Football fan Vergne had earlier celebrated France's 4-2 victory over Croatia, having wrapped up the drivers' title on Saturday with a fighting fifth place finish from the back of the grid.
But a little of the gloss was taken off his victory as his Techeetah team lost out to Audi Sport in the teams' championship in a nailbiting conclusion.
Techeetah's cause was not helped by a 10-second stop go penalty for Andre Lotterer for jumping the start, leaving him down the field after starting from second on the grid.
It left Audi Sport in control with Lucas di Grassi and Daniel Abt eventually taking second and third to complete the podium.
Lotterer bravely made up ground to finish ninth, but Audi Sport was clear by two points, having started the weekend double-header trailing Techeetah by 31 points.
"After our one-two yesterday I know we were in with a fighting chance," said Audi Sport team manager Allan McNish.
Abt, so disappointed to concede first place to teammate di Grassi in Saturday's race, held off another former champion, polesitter Sebastien Buemi, to retain third place and ensure Audi Sport kept Techeetah at bay.
He also picked up a crucial extra point for fastest lap.
"We had a tough start to the season so to end the weekend on a high like this is something everyone can be proud of," added the German.
Vergne, who has been an ever-present in the four seasons since Formula E started, made a lightening start from third on the grid and swept past Buemi early to take the lead he never relinquished.
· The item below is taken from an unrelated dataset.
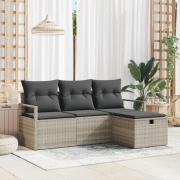 vidaXL Trädgårdsoffset med kudde med lagring 4 pcs Ljusgrå Poly rattan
He came under intense pressure from deposed champion di Grassi in the closing stages, but was not to be denied his victory.
"I am disappointed for the team we did not finish as champion, but it's been an amazing season and to cap it with a win is the best way to end a perfect season," he said.
Di Grassi had the added bonus of leapfrogging Britain's Sam Bird, who finished 10th, to claim second in the championship standings.
It was the last race for the current crop of Formula E cars, with the Gen2 car being introduced for the 2018-19 season, leading to higher speeds and no mid-race car swaps because of better energy storage capacity.